**Aim of the task:** Write out, exactly and in full, the records given below, but not their pictures.

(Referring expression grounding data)
-*-*-

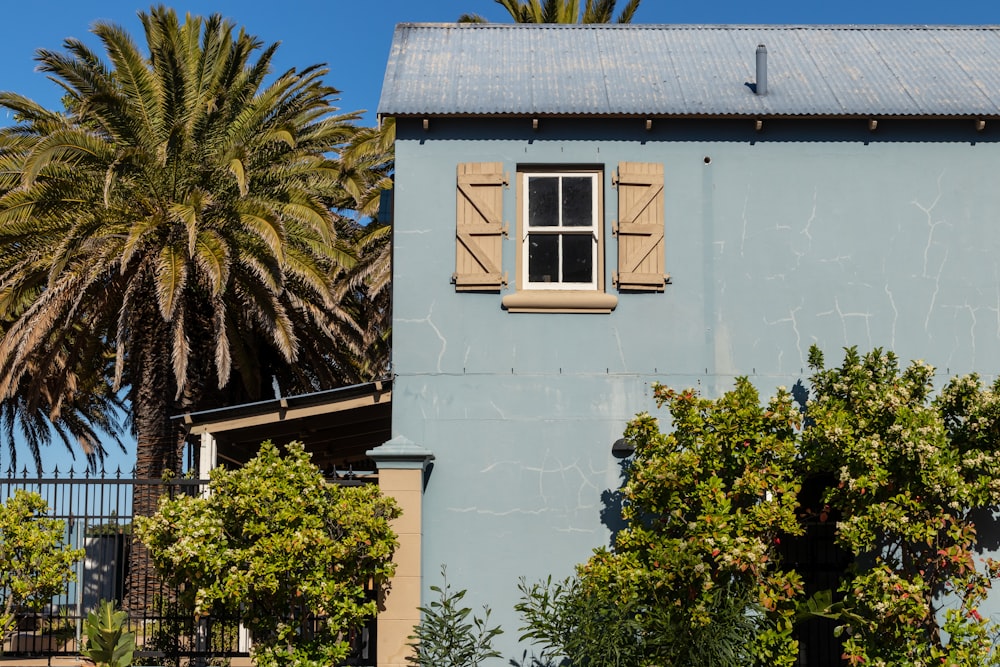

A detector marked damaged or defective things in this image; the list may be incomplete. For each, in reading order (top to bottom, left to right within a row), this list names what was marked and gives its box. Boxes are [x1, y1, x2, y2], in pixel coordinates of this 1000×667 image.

cracked stucco wall [386, 116, 1000, 664]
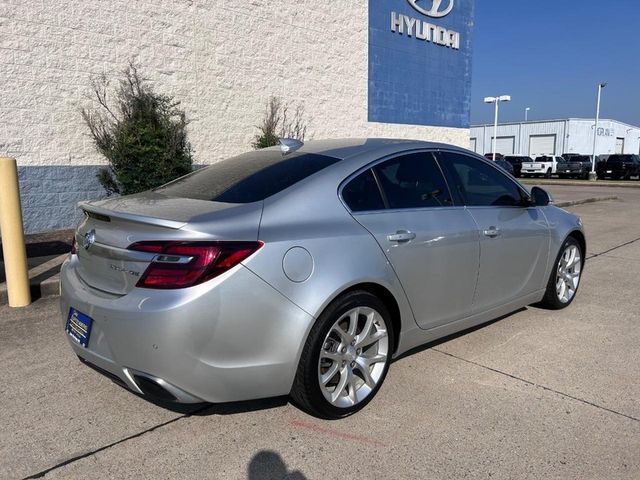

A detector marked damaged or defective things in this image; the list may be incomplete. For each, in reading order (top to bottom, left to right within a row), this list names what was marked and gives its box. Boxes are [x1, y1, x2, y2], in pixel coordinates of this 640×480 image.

crack in pavement [432, 346, 636, 422]
crack in pavement [20, 404, 208, 480]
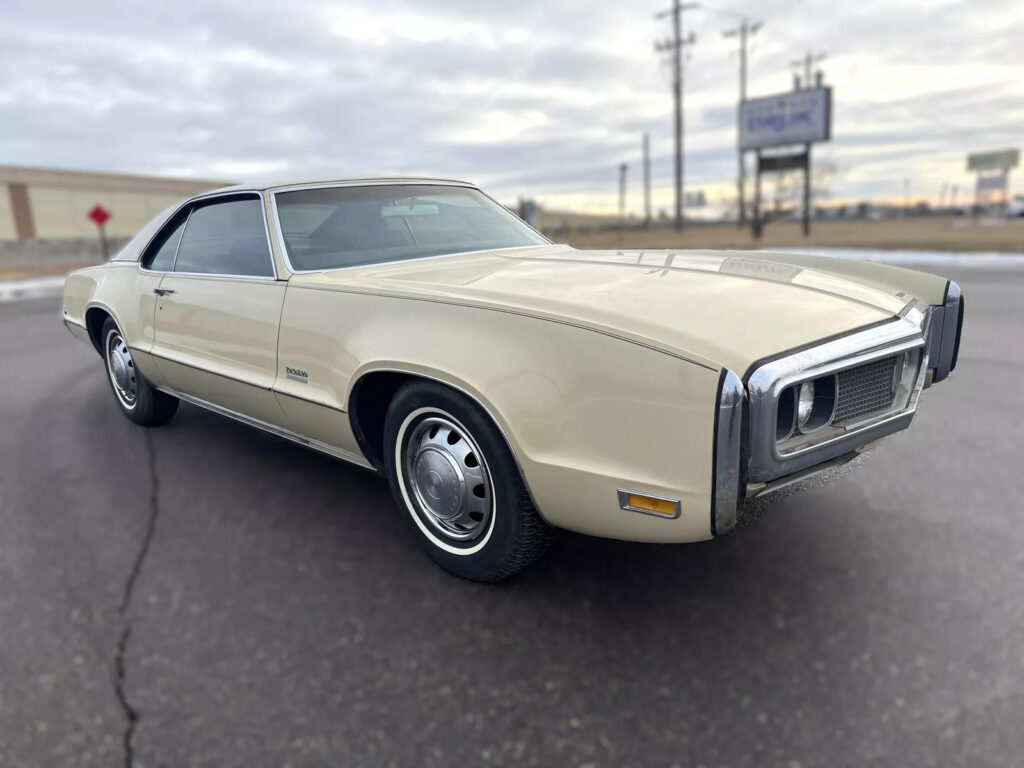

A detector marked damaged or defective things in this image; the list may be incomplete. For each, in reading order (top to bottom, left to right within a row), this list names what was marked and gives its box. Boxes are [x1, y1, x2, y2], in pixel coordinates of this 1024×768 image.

crack in asphalt [113, 430, 160, 768]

-*-*-

**Solved exercise:**
A detector marked damaged or defective things in this image; the list may be incomplete. For each, in reading order (top to bottom, left to right within a row), this list names what was marked and gives its box. Boxes are [x1, y1, x2, y2], in pixel coordinates of this 1000×667 image.

cracked stucco wall [386, 116, 1000, 664]

A detector marked damaged or defective things in this image; the list may be incomplete. For each, in reading order (top to bottom, left to right within a row), this list names what was marked and gives its box. Boxes are [x1, y1, x2, y2], in pixel coordinates of this 640×480 image.

crack in pavement [432, 346, 636, 422]
crack in pavement [20, 404, 208, 480]

A detector marked damaged or defective things in this image; the list may be incomplete. For each, in reading order (top to bottom, left to right within a row), this list names what was marked and gives its box. Boxes are [x1, y1, x2, y2], in pixel coordinates of this 1024×768 image.

crack in asphalt [113, 430, 160, 768]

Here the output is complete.